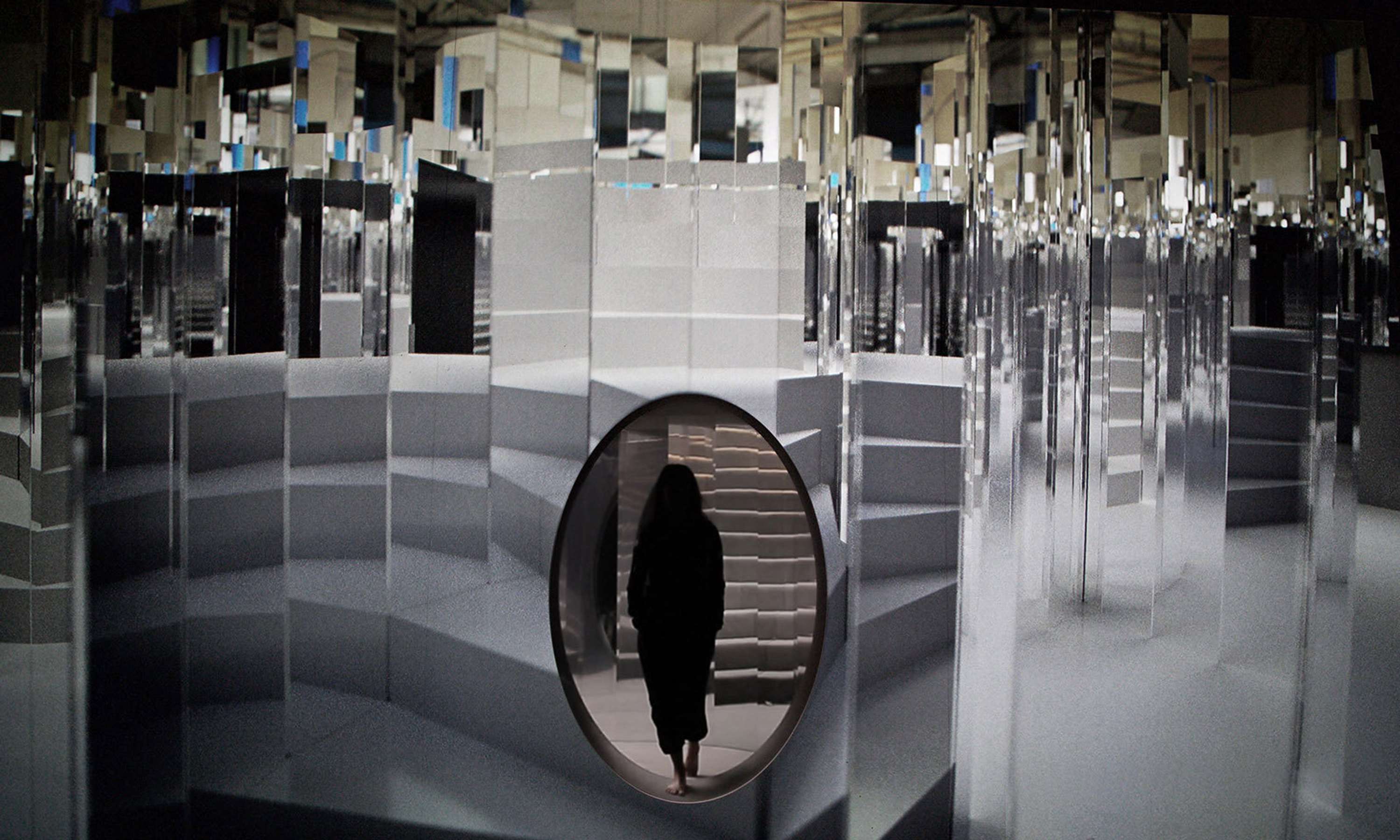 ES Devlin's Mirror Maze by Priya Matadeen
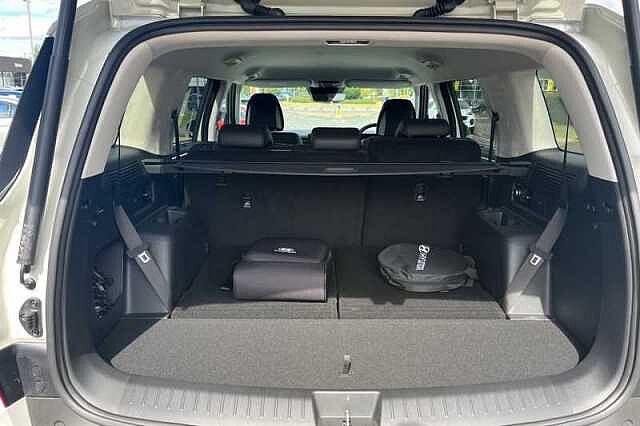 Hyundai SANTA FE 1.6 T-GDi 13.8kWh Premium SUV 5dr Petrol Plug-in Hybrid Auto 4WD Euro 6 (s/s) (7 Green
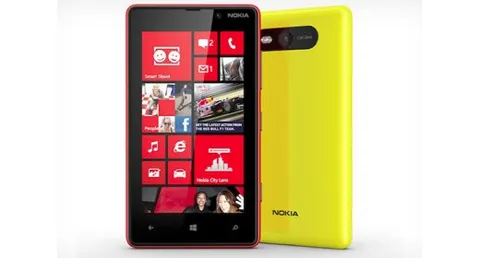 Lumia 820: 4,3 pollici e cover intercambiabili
==
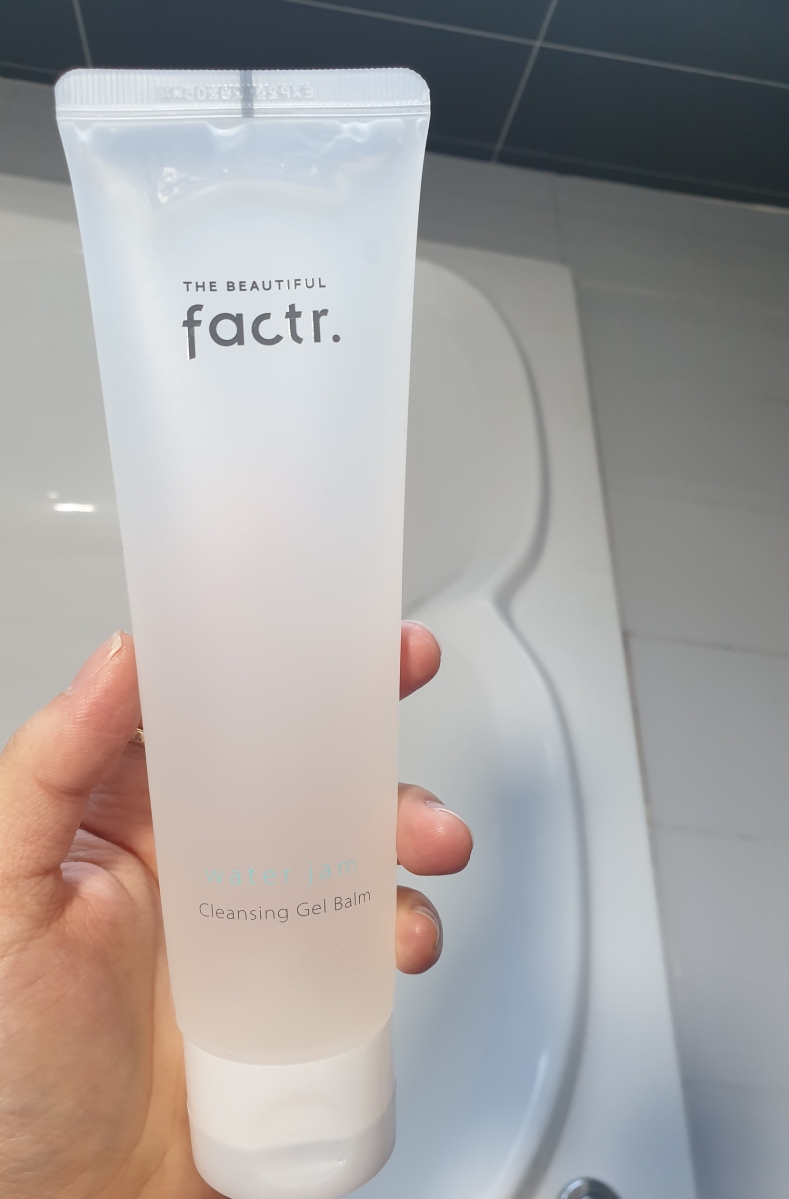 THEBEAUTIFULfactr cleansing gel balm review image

■ WORK INSTRUCTION
Repeat the lines above exactly, beginning with the one containing "ES Devlin's Mirror Maze by Priya Matadeen" and finishing with the one containing "Lumia 820: 4,3". No pictures belong in the copy.

■ REPLY
 ES Devlin's Mirror Maze by Priya Matadeen
 Hyundai SANTA FE 1.6 T-GDi 13.8kWh Premium SUV 5dr Petrol Plug-in Hybrid Auto 4WD Euro 6 (s/s) (7 Green
 Lumia 820: 4,3 pollici e cover intercambiabili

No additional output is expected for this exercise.